ISCA Archive - External Text Based Data Augmentation for Low-Resource Speech Recognition in the Constrained Condition of OpenASR21 Challenge
ISCA Archive Interspeech 2022
ISCA Archive Interspeech 2022

External Text Based Data Augmentation for Low-Resource Speech Recognition in the Constrained Condition of OpenASR21 Challenge

Guolong Zhong, Hongyu Song, Ruoyu Wang, Lei Sun, Diyuan Liu, Jia Pan, Xin Fang, Jun Du, Jie Zhang, Lirong Dai

This paper describes our USTC_NELSLIP system submitted to the Open Automatic Speech Recognition (OpenASR21) Challenge for the Constrained condition, where only a 10-hour speech dataset is allowed for training while additional text data is unlimited. To improve the low-resource speech recognition performance, we collect external text data for language modeling and train a text-to-speech (TTS) model to generate speech-text paired data.
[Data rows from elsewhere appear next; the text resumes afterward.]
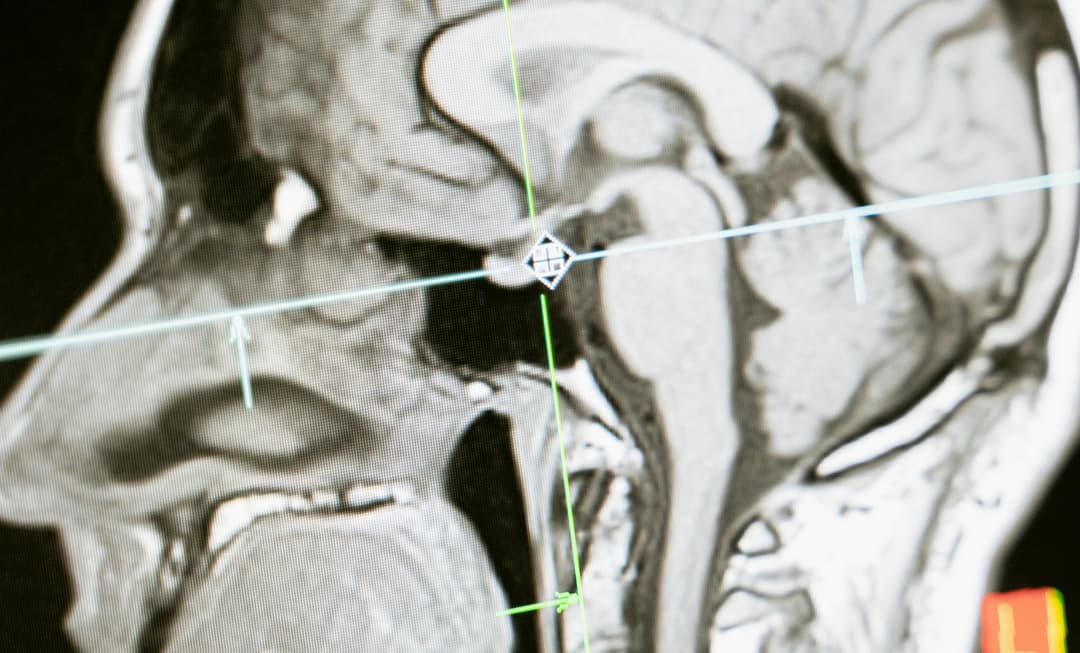 Detailed brain MRI scan highlighting precision imaging, underscoring the radiographer’s expert witness role in medico-legal investigations.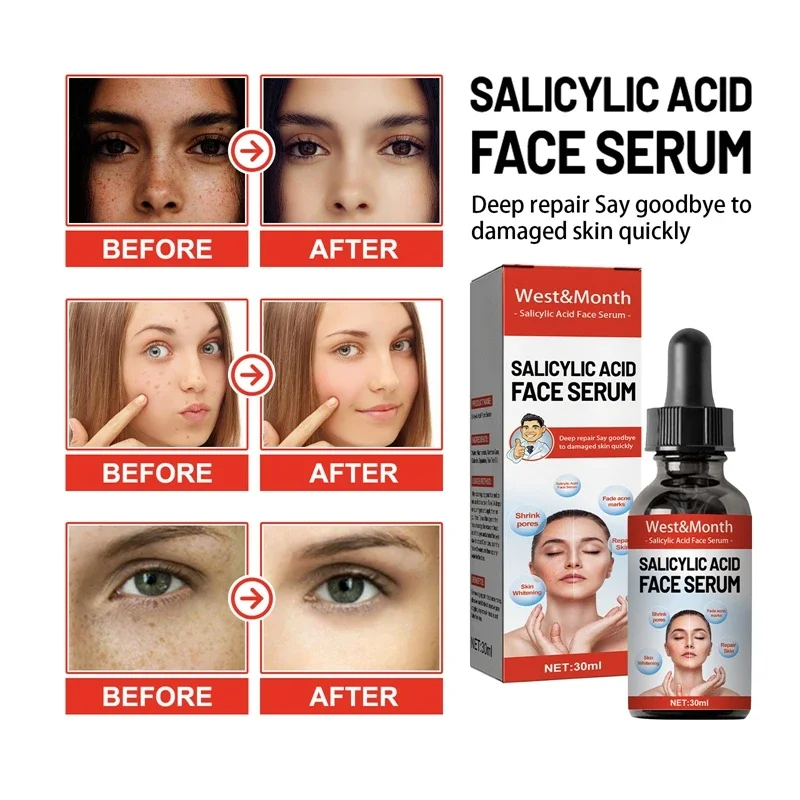 Nicotinamida que atenúa las manchas, esencia Facial, ácido salicílico, reduce los poros, eliminación de pecas, hidrata, productos para el cuidado de la piel 2024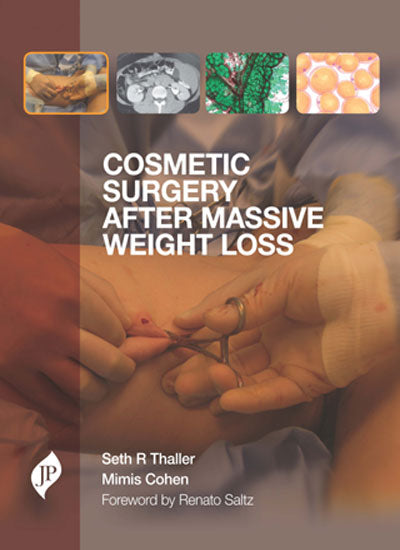 COSMETIC SURGERY AFTER MASSIVE WEIGHT LOSS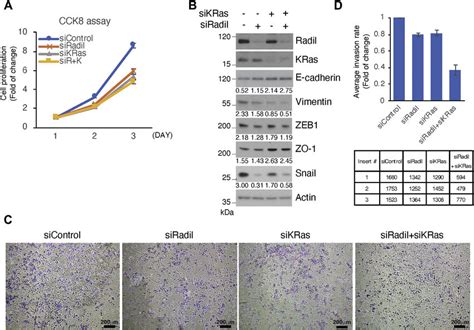 Radil Positively Regulates Cell Proliferation Migration And Emt A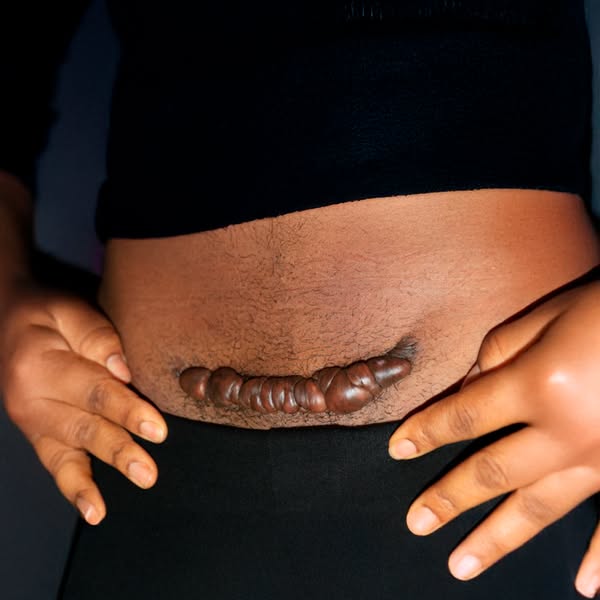 I Stopped Dressing Around My C-Section Scar
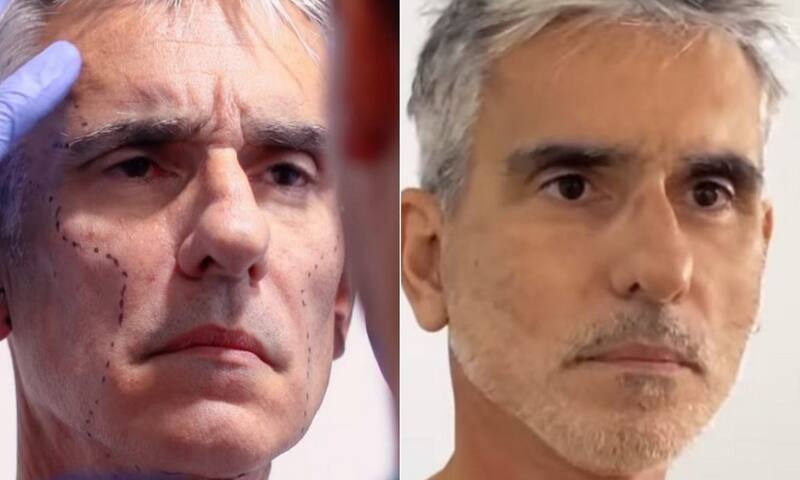 5 famosos que han pasado por el quirófano para lucir más bellos - Créditos: Instagram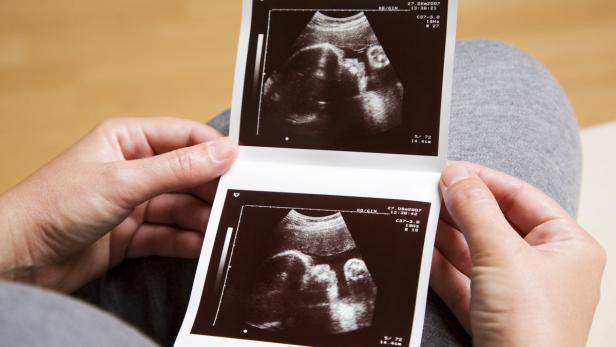Eine Person hält Ultraschallbilder eines Babys in der Hand.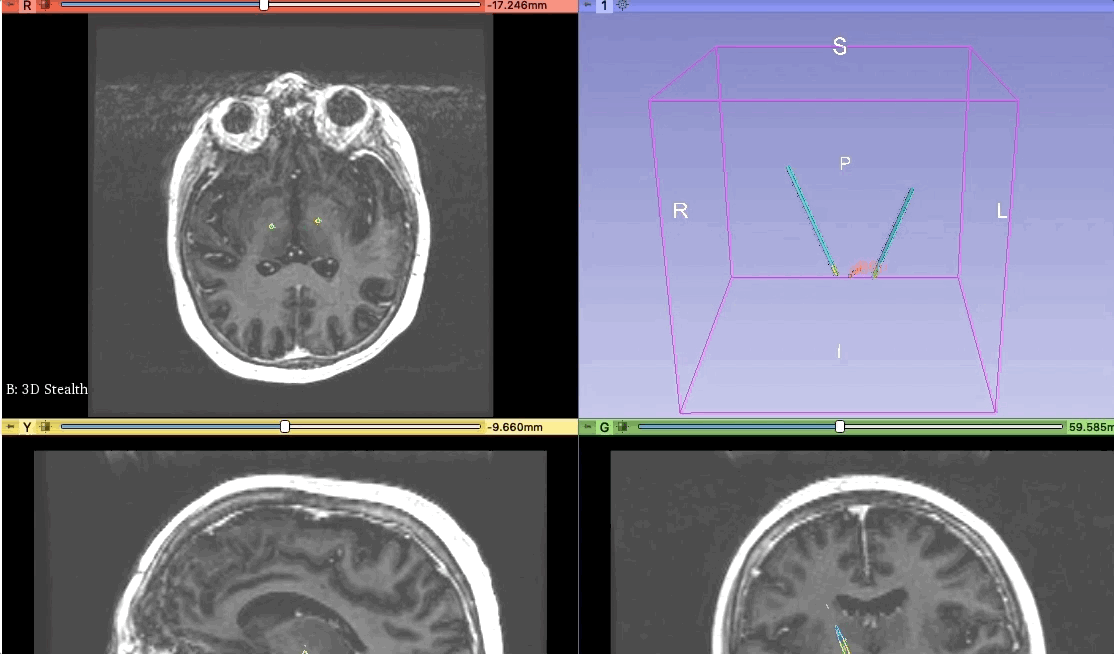 ../_images/plan3DView.gif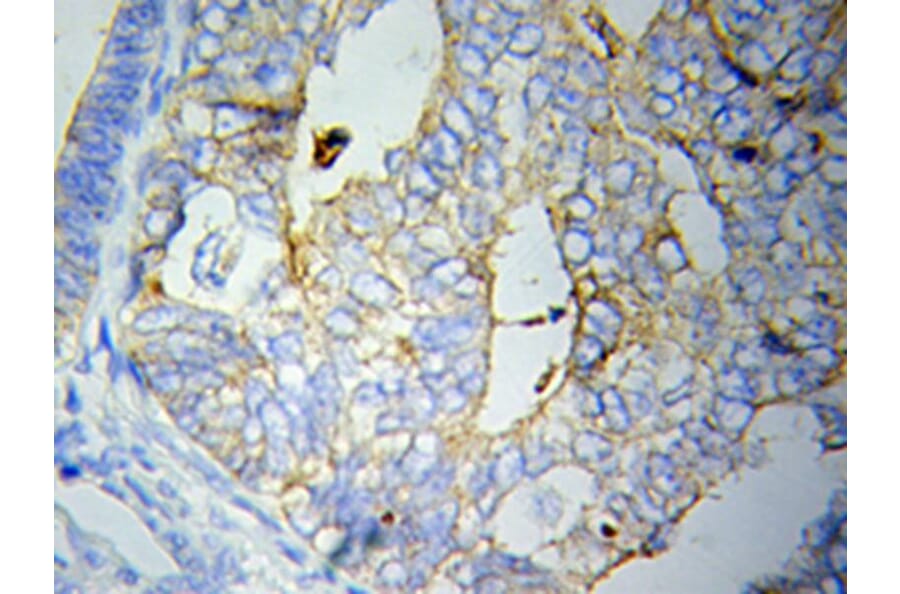 Immunohistochemistry - CRP Antibody from Signalway Antibody (32023) - Antibodies.com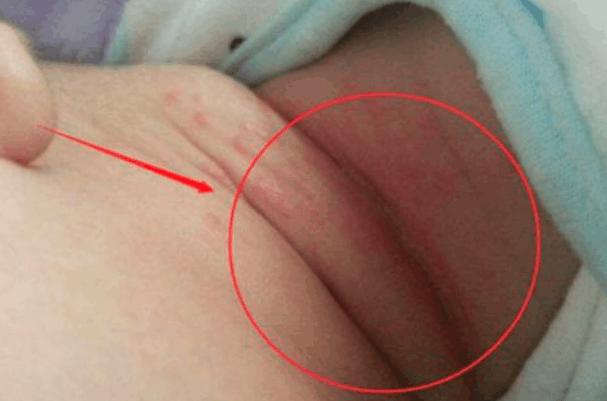 1岁宝宝脖子有黑点点,1岁宝宝脖子有红色斑块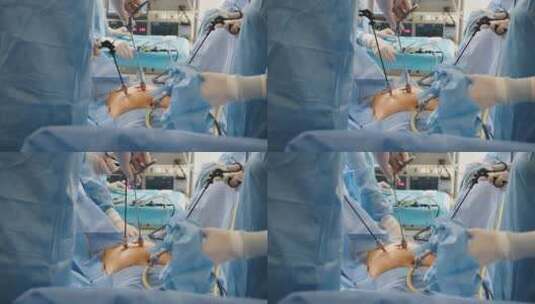 孕妇在医院进行剖腹产手术实拍素材高清在线视频素材下载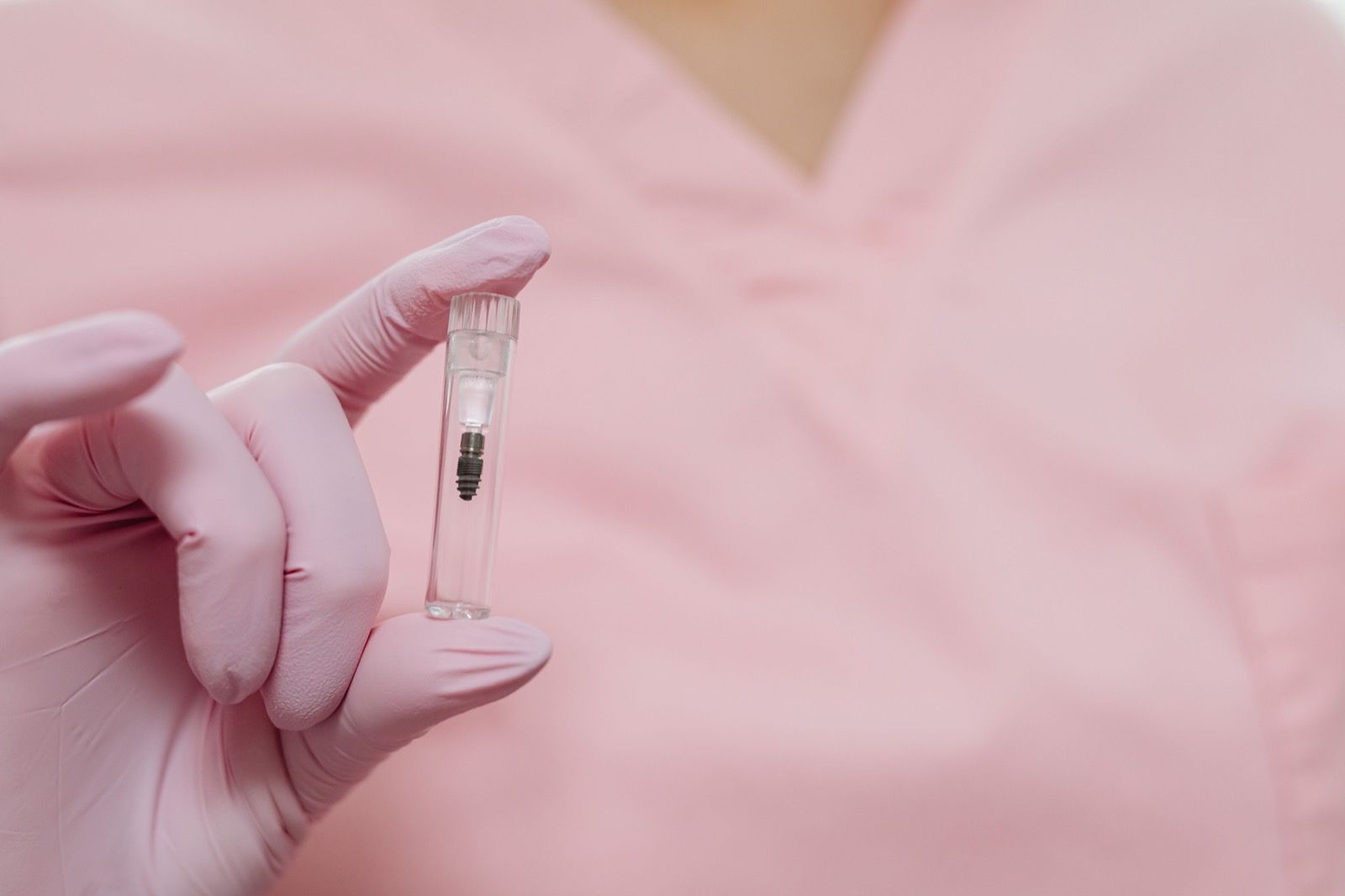 Dantų implantų kaina – nuo ko ji priklauso ir ką svarbu įvertinti?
Our system is then built based on the conventional hybrid structure, where various subsystems are developed using different acoustic neural network architectures and different data augmentation methods. Finally, system fusion is employed to obtain the final result. Experiments on the OpenASR21 challenge show that the proposed system achieves the best performance for all testing languages.